Work request: Please write out every record exactly, but keep any images out of it.

Extracted material Start Marker

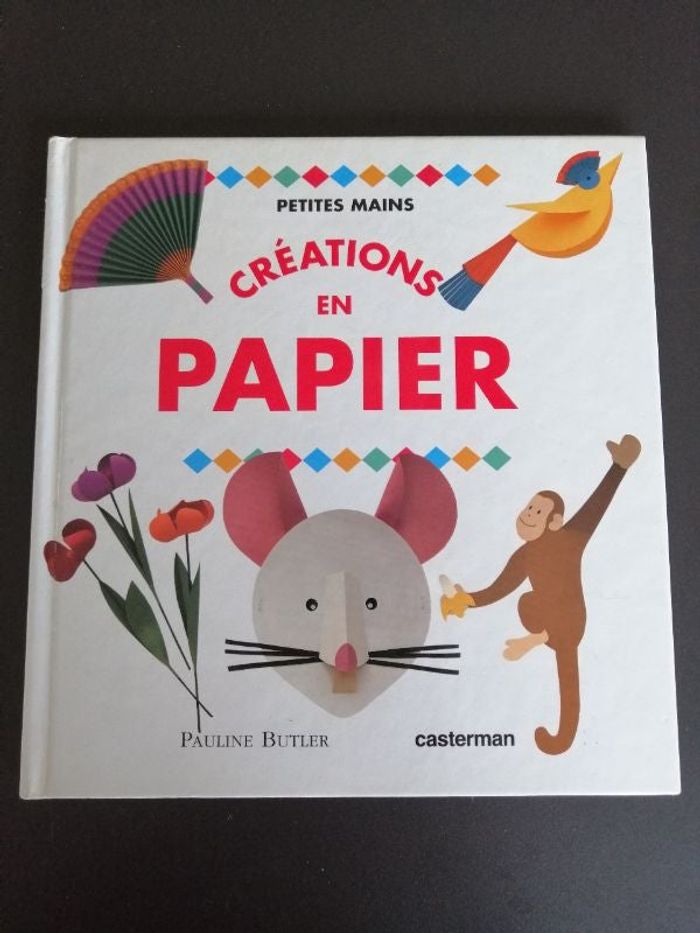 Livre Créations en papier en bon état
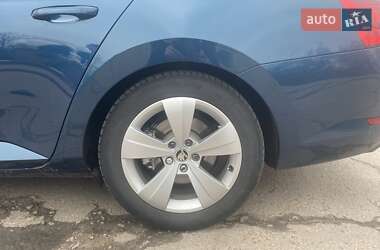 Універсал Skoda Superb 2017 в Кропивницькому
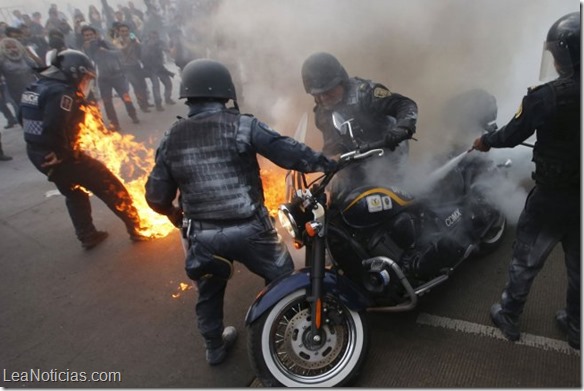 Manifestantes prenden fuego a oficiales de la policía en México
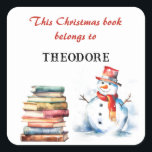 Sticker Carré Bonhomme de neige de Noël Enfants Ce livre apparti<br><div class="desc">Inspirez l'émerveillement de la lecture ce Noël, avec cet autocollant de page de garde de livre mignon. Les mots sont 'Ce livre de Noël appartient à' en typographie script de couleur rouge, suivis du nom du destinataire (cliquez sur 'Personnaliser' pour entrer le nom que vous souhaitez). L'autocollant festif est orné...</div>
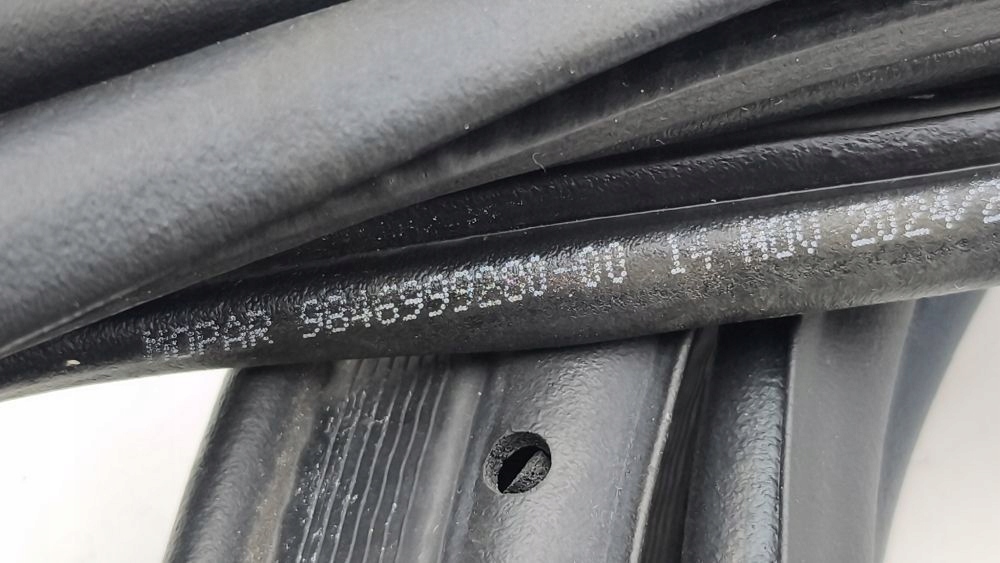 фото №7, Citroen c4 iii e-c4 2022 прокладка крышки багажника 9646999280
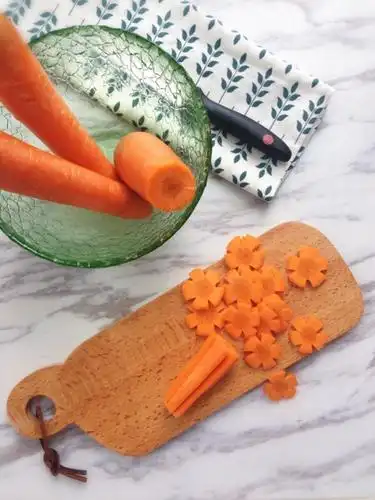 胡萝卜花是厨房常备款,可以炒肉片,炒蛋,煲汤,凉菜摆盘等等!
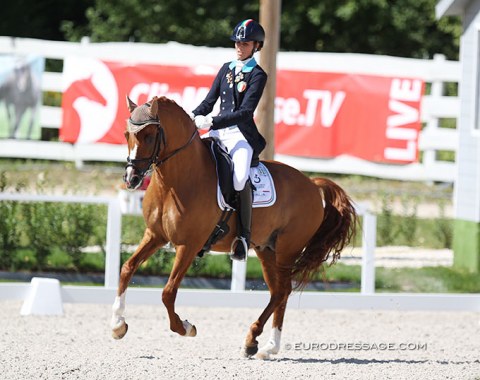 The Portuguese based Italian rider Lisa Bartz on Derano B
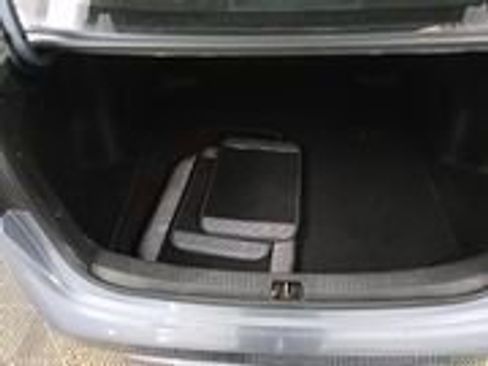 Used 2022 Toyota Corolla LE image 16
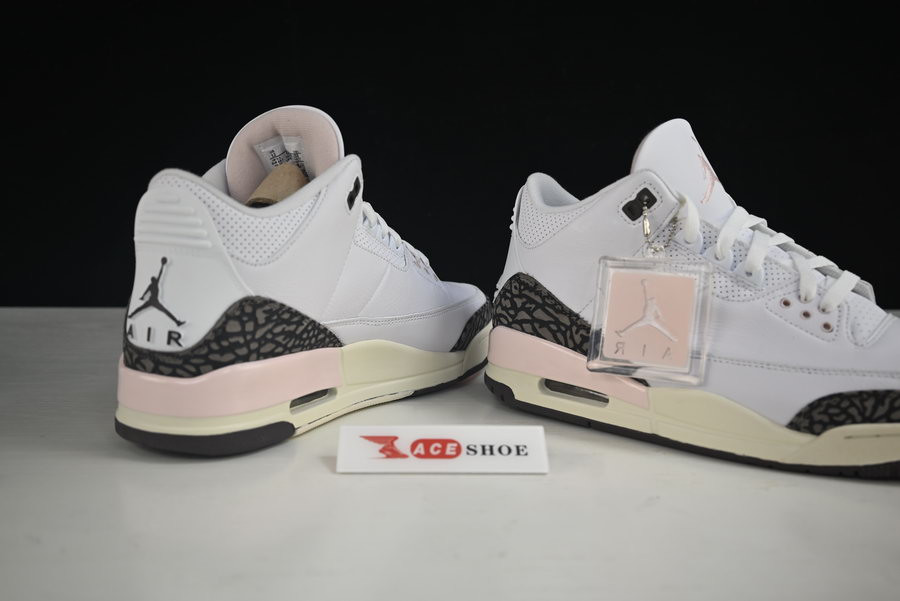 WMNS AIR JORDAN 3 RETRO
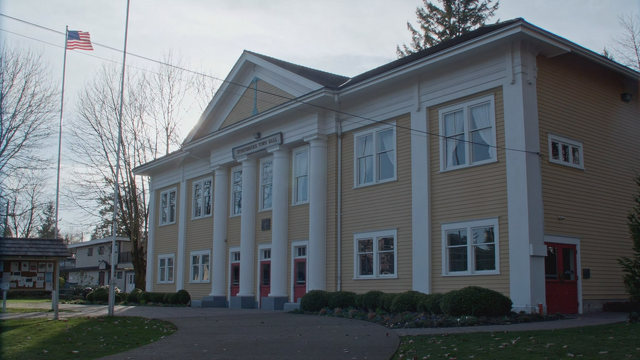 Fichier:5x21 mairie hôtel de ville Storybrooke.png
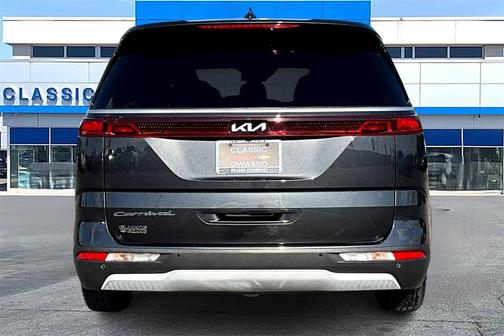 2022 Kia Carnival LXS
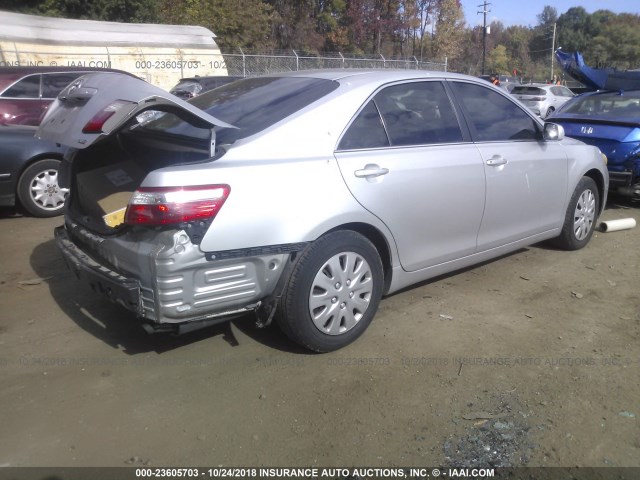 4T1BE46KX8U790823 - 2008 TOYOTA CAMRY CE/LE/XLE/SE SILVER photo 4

Extracted material End Marker

The answer:
 Livre Créations en papier en bon état
 Універсал Skoda Superb 2017 в Кропивницькому
 Manifestantes prenden fuego a oficiales de la policía en México
 Sticker Carré Bonhomme de neige de Noël Enfants Ce livre apparti<br><div class="desc">Inspirez l'émerveillement de la lecture ce Noël, avec cet autocollant de page de garde de livre mignon. Les mots sont 'Ce livre de Noël appartient à' en typographie script de couleur rouge, suivis du nom du destinataire (cliquez sur 'Personnaliser' pour entrer le nom que vous souhaitez). L'autocollant festif est orné...</div>
 фото №7, Citroen c4 iii e-c4 2022 прокладка крышки багажника 9646999280
 胡萝卜花是厨房常备款,可以炒肉片,炒蛋,煲汤,凉菜摆盘等等!
 The Portuguese based Italian rider Lisa Bartz on Derano B
 Used 2022 Toyota Corolla LE image 16
 WMNS AIR JORDAN 3 RETRO
 Fichier:5x21 mairie hôtel de ville Storybrooke.png
 2022 Kia Carnival LXS
 4T1BE46KX8U790823 - 2008 TOYOTA CAMRY CE/LE/XLE/SE SILVER photo 4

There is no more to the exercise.